Investigations by the Sunday Nation show that this year’s KCPE and KCSE examinations have attracted an unprecedented excitement within government, with virtually the entire executive willing to play a part in what is expected to be the country’s most guarded exercise.
The Sunday Nation has learnt that all Cabinet Secretaries, majority of principal secretaries and chief administrative officers have accepted invitations from the Education ministry to participate in the national examinations monitoring exercise.
More than 1,000 special monitors drawn from various ministries and departments of government have been lined up for the exercise.
Already, the ministries of Education and Interior and National Coordination as well as the Teachers Service Commission (TSC) have cancelled leave for all their staff to allow them to participate in the monitoring of examinations, which end on November 29.
Data from Kenya National Examination Council (Knec) indicates that other than the 70,000 security officials and more than 150,000 teachers have been deployed for the exercise.
Although the examination monitoring will cover the whole country, Sunday Nation established that some 222 schools have been put under heavy scrutiny following their involvement in previous examination malpractices.

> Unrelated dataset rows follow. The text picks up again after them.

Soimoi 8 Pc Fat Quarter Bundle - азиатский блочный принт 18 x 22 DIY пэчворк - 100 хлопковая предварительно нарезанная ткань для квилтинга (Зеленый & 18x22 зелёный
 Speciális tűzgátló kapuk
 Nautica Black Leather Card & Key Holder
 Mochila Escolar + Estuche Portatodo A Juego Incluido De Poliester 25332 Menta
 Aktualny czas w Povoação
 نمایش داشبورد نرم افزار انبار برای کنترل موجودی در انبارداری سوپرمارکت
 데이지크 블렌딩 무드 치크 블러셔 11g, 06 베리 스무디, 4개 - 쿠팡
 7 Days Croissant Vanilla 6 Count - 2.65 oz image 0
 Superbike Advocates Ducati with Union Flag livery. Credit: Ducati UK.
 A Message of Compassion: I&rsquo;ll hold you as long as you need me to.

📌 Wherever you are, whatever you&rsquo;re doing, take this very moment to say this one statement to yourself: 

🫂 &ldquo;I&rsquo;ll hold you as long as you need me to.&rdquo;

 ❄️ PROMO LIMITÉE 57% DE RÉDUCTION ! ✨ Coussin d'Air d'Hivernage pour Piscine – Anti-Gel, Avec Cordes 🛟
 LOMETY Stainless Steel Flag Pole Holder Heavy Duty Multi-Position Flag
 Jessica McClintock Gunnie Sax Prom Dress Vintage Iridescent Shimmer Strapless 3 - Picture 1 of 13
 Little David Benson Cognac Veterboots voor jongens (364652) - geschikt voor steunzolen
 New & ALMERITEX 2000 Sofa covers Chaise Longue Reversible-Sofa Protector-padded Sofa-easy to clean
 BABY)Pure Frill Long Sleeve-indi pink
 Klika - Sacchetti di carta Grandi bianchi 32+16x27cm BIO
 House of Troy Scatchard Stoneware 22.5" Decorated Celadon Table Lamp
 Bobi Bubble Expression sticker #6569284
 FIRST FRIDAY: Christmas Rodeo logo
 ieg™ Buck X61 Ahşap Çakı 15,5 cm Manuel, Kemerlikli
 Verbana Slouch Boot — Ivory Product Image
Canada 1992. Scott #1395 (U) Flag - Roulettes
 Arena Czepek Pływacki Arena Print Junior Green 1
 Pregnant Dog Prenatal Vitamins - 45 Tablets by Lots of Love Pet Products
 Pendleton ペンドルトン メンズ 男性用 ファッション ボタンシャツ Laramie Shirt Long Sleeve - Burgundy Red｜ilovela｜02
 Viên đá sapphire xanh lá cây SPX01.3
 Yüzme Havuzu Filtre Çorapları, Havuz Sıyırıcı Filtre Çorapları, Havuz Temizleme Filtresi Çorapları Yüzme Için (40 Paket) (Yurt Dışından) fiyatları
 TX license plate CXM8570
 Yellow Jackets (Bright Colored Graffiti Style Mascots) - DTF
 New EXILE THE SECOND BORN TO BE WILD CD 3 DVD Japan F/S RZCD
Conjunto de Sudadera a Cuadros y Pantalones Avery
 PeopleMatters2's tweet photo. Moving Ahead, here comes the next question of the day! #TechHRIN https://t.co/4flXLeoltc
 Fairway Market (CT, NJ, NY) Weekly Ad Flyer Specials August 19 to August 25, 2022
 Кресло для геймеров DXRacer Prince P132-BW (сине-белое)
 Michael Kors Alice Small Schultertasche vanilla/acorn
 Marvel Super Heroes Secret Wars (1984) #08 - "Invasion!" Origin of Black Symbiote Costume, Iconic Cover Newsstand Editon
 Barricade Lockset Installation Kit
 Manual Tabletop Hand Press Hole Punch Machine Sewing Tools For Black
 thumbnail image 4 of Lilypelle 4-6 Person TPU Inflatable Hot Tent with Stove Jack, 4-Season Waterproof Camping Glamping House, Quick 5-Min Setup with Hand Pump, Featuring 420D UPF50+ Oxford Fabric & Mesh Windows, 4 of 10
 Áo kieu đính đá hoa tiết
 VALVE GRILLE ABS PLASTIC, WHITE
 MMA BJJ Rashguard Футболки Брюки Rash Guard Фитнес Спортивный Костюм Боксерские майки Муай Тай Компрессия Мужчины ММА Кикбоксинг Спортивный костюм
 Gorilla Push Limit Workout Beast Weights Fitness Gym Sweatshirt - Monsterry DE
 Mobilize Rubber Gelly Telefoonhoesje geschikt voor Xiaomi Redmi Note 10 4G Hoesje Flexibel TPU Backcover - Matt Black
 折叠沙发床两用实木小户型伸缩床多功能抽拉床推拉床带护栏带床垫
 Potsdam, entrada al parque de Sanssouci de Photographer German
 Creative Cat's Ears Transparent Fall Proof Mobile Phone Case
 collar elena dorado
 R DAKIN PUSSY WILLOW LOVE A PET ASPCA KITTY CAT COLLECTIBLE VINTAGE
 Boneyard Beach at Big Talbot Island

What started off as a promising examination pre-monitoring exercise steered by Ms Mohamed has now received the full support of President Uhuru Kenyatta, who last week warned potential examination cheats that their efforts will not succeed.
President Kenyatta promised that the government will deliver credible examinations and warned those bent on corrupting the country’s education systems of dire consequences.
He said the government will maintain the trend it has established of ensuring national examinations are free of cheating.
“My administration has taken bold measures to make examinations credible and I commend those who work hard and long hours to achieve this,” said the President. “I condemn those who insist on corrupting our exam system,” he continued.
Some of the tough measures that will for the first time be adopted this year include the order that all centre managers cannot transport examination materials to the centres unless accompanied by armed officers.
They have also been asked to ensure that examinations will only be placed in one of the examination rooms where all candidates, armed police and examination invigilators will be in full view.
The aim is to prevent a trend that developed last year where some schools prematurely opened the second paper of the day, usually starting at 11.30am thus exposing it to candidates just before the actual examination begun.
Centre managers, who are also school heads, are under instructions not to allow any examination official into the examination rooms with mobile phones.
In fact, even the centre managers — though allowed to carry mobile phones — cannot be allowed to walk with them into examination rooms.
On Tuesday, candidates will sit mathematics, English and English composition.
On Wednesday, the candidates will take science, Kiswahili and insha.
The candidates will sit social studies and Christian Religious Education the following day.
Ms Mohamed has ordered that examination containers — currently 459 — be opened daily at 6am.
“No centre should start distributing examination papers before the stipulated starting time,” she said.
The containers, she said, will have a double locking system manned by the sub county directors of education and the deputy county commissioners.
“All question papers will be escorted by armed security officers every day of the examination from collection to return of the answer scripts to the container and back to the exam council,” the CS added.
The ministry, she said, had re-evaluated the country’s potential examination irregularities hotspots.
“Although these regions will receive high dependency surveillance during the examinations period, the Ministry of Education — working with the Ministries of Interior and ICT — have stepped up surveillance across the entire country,” she said.
Centre managers guilty of unsealing the afternoon paper before the stipulated time, she said, will be held liable for this irregularity.
She warned that centres found culpable of cheating, condoning, or aiding in cheating will be disqualified.
The CS warned that candidates found in possession of mobile phones in examination centres will immediately be suspended from school, and expelled from the examination process.
She has also directed that all teachers who will be involved in any exercise of administering the examinations must be registered with the Teachers Service Commission.
In total, close to 244,000 field officers will be involved in the administration of the examination.
In Mwatate, deputy county commissioner Kennedy Muriungi issued a stern warning to officers manning national examinations against taking alcohol during the entire period.
He was speaking during a briefing exercise to KCPE and KCSE centre managers, supervisors, invigilators and local chiefs at the county commissioner’s boardroom in Mwatate, Taita Taveta County.
He said firm action will be taken against officers involved in administration of the examination while drunk and disorderly at the exam centres.